___ Exercise data ___

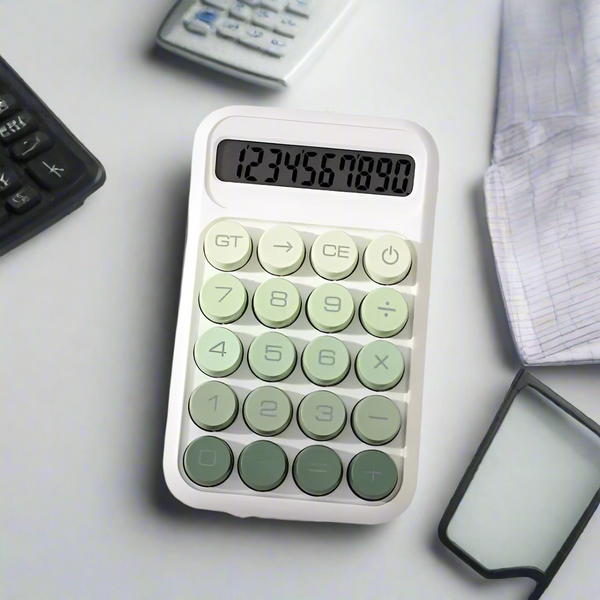 Green Keys White - Calculator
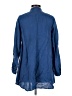 Eileen Fisher 100% Linen Blue Long Sleeve Blouse Size XS - photo 2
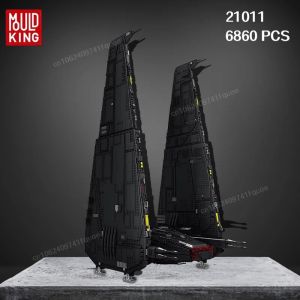 Compatible with LEGO 6860pcs MK SPACE FIST ORDER COMMMAND SHOTTLE Bộ mô hình Mold King 21011 Star Plan Khối xây dựng Giáo dục DIV Quà tặng Đồ chơi
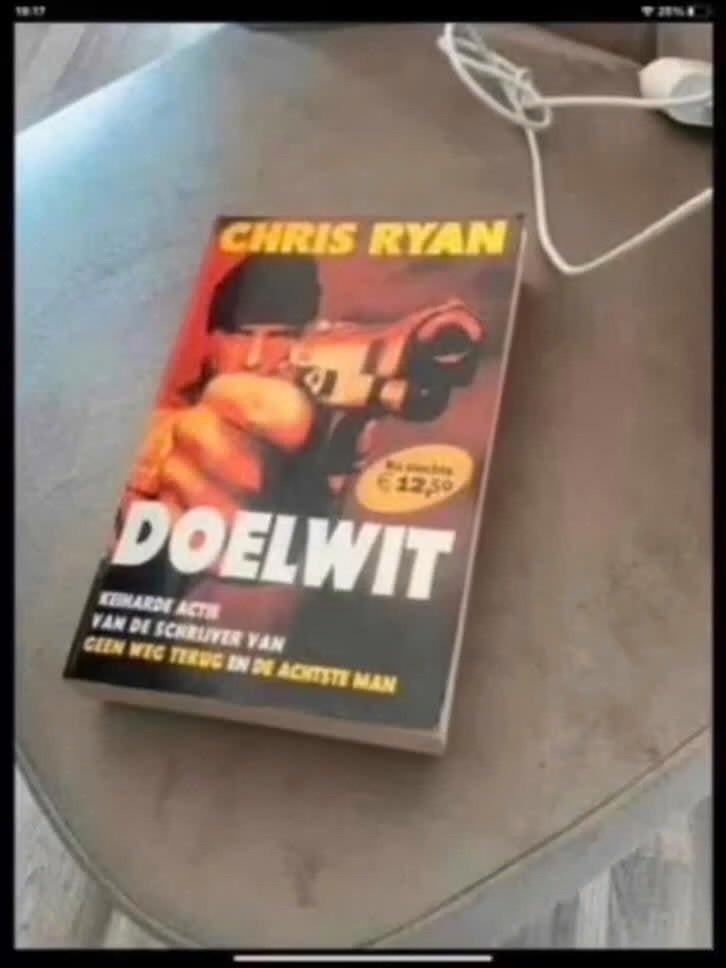 Chris Ryan - Doelwit: Keiharde actie thriller, Boeken, Gelezen, Europa overig, Chris Ryan, Ophalen of Verzenden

___

Write out the data above exactly, minus any images.

 Green Keys White - Calculator
 Eileen Fisher 100% Linen Blue Long Sleeve Blouse Size XS - photo 2
 Compatible with LEGO 6860pcs MK SPACE FIST ORDER COMMMAND SHOTTLE Bộ mô hình Mold King 21011 Star Plan Khối xây dựng Giáo dục DIV Quà tặng Đồ chơi
 Chris Ryan - Doelwit: Keiharde actie thriller, Boeken, Gelezen, Europa overig, Chris Ryan, Ophalen of Verzenden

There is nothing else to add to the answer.